十分身体を動かした後は、子ども達も若干興奮して気分も高まりやすくなるので、そんな時は「♪ゆりかごのうた」という子守唄のメロディを弾き、クールダウンの時間。

 

そこで見られたのは、周囲の動きに合わせて寝ころぼうとするC君の姿でした。

今までのC君は、音楽によって場面や雰囲気が切り替わっても、まだ状況を上手く把握することが難しいので職員が横になる動きを促していました。

 

でも、この時のC君は次々に寝ころぶ職員や友達の姿を観察し、

『あれ?みんな寝ころんでる。ぼくもそうしようかな』

というように自分から寝ころぶことができました。第三者の人からすると何でもない動きに思えるかもしれませんが、誰に言われるでも促されるわけでもなく、自分から周囲の様子を観察し、そこに合わせようとする姿を見て「周囲の人や環境に自発的に合わせる力」が育ってきているな、と思いました。

 

 

まふぃんでは、冒頭にお伝えした社会性の広がり以外にも、自分で状況を察知し、物事を判断しながら行動していく主体的な行動も大きなねらいにしています。

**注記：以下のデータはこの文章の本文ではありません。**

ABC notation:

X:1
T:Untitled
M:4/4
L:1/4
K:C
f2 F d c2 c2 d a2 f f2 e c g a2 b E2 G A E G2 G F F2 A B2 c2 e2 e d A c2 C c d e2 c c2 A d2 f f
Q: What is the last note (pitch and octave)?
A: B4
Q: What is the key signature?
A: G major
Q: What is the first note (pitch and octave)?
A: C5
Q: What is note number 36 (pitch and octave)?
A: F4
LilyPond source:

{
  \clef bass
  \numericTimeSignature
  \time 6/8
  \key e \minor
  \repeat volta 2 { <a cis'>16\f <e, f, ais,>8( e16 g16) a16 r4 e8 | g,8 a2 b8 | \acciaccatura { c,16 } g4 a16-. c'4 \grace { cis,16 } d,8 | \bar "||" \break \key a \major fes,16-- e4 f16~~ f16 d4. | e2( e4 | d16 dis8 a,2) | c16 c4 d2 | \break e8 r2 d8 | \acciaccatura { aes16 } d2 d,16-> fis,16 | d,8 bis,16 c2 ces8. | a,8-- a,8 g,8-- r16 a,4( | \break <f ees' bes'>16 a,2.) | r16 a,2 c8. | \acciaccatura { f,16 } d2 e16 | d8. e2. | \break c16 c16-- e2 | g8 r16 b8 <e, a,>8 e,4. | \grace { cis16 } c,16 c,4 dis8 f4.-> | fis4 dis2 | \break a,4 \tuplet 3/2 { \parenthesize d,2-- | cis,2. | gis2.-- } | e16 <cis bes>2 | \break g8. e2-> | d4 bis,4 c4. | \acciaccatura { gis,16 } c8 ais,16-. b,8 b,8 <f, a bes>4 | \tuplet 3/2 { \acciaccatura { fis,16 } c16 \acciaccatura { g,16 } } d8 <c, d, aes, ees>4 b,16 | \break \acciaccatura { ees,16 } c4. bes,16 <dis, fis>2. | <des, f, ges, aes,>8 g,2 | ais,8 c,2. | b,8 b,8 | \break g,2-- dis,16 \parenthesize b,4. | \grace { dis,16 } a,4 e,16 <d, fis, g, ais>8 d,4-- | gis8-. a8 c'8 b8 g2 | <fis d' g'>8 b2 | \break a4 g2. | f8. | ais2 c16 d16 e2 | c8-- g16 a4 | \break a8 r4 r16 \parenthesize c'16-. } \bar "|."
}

ただ、これらのねらいを達成するには、乳幼児期に身近な環境に自分から関わっていく経験が大切になります。

「面白そうだな」「ちょっとやってみようかな」という興味・関心から、そこに置いてある玩具や物を操作し、遊んで楽しんだり別な子と取り合いになって泣いたり怒ったりする。徐々に相手を意識して遊べるようになったら、取り合いやちょっとした喧嘩も経験しながら交代して使おうとするなど、子どもの成長には段階があり、社会性や主体性もその経験を基にして徐々に伸びていくものです。

 

できる限り大人は見守りに徹し、子ども達の純粋な興味・関心を引き出した上で、いかにこちらが意図しているねらいに繋げていけるかを常に考えながら、これからも子ども自身が自発的に遊べる環境設定や活動を展開していきたいと思います。